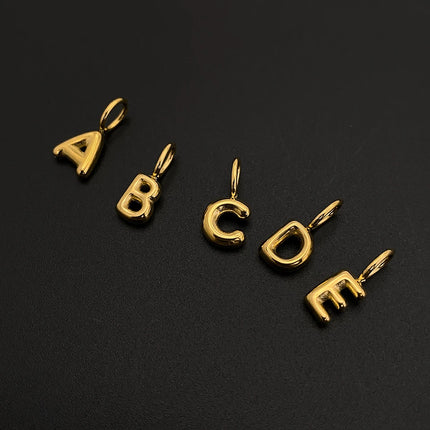eManco Stainless Steel Gold-plated Charms Modern Style 3D Bubble Alphabet Elements DIY Necklace Bracelet Jewelry Making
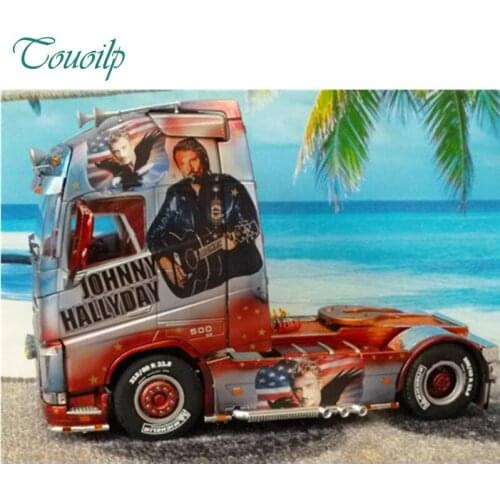 Rock chanteur diamant peinture gros camion point de croix artisanat en plastique toile kits Johnny Hallyday diamant peinture vue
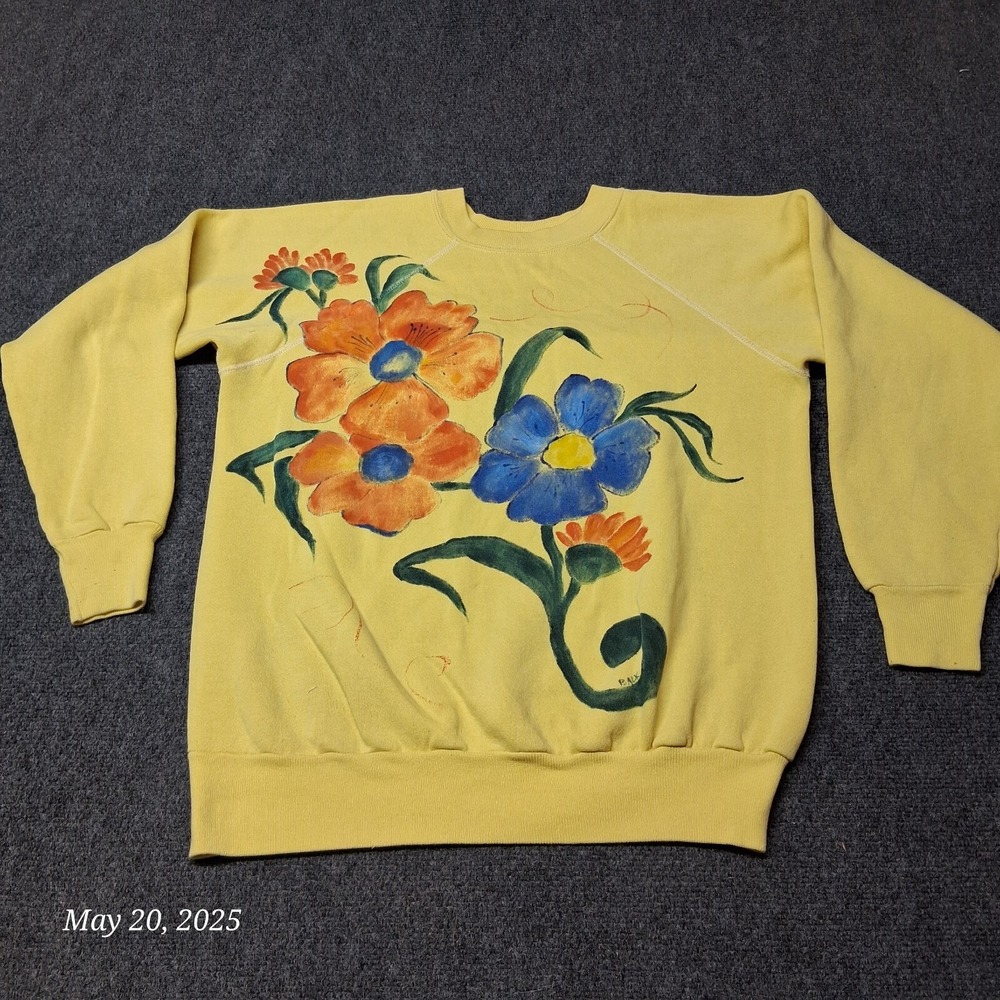 VTG Ultra Sweats Pannill Flower Painted‎ Sweatshirt Yellow Adult Size Large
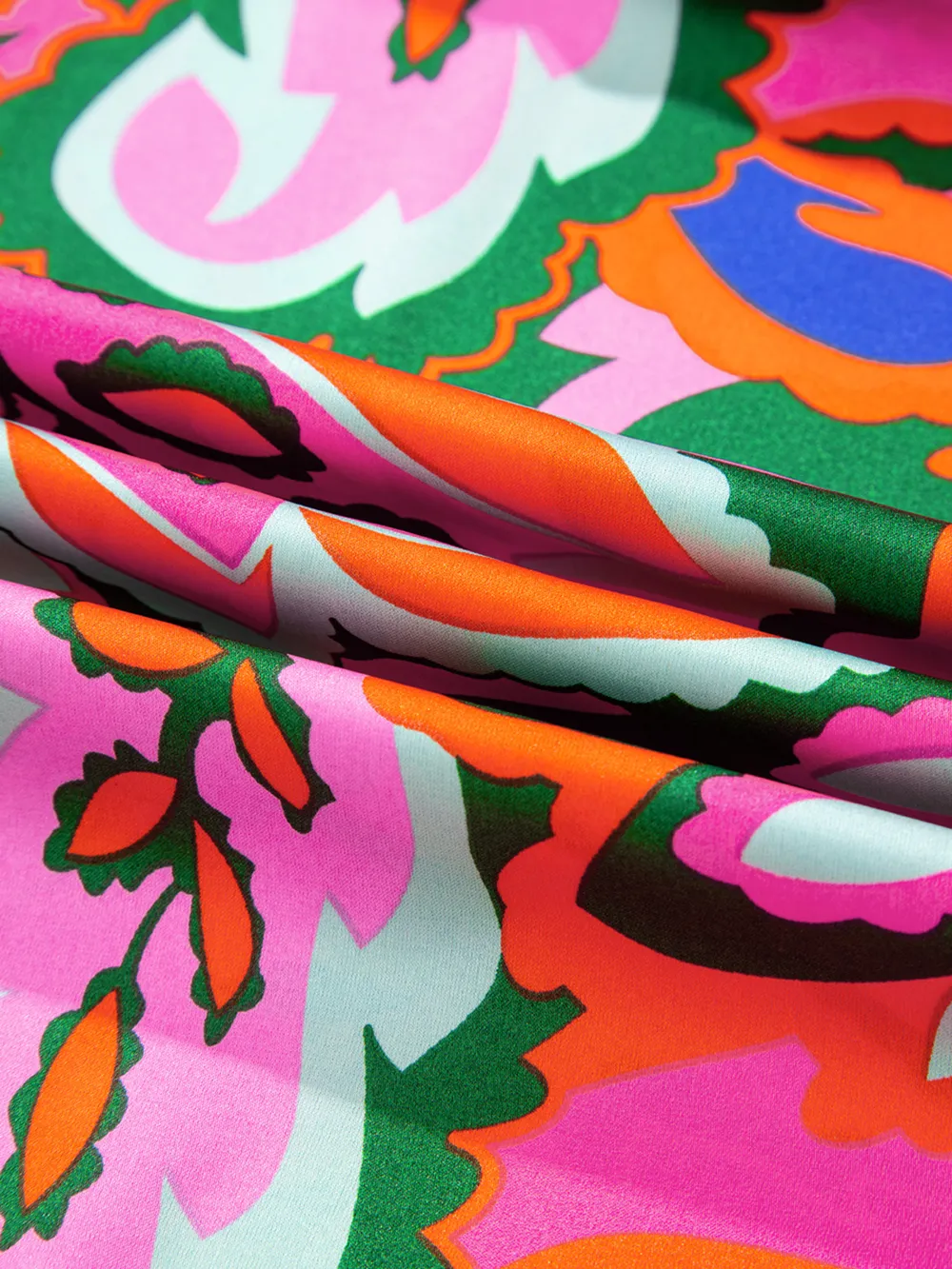 Tropical Print Short Sleeve Tie Neck Blouse, image 6
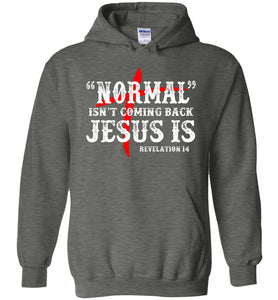 Christian Hoodie, Normal Isn't Coming Back Jesus Is dk grey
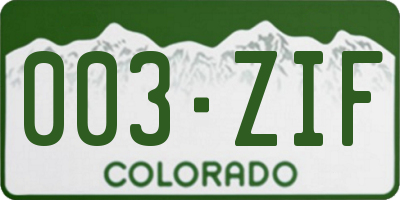 CO license plate 003ZIF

....

*Your objective*:
Copy the whole of the material above exactly, and exclude every picture.

*Solution to the problem*:
eManco Stainless Steel Gold-plated Charms Modern Style 3D Bubble Alphabet Elements DIY Necklace Bracelet Jewelry Making
 Rock chanteur diamant peinture gros camion point de croix artisanat en plastique toile kits Johnny Hallyday diamant peinture vue
 VTG Ultra Sweats Pannill Flower Painted‎ Sweatshirt Yellow Adult Size Large
 Tropical Print Short Sleeve Tie Neck Blouse, image 6
 Christian Hoodie, Normal Isn't Coming Back Jesus Is dk grey
 CO license plate 003ZIF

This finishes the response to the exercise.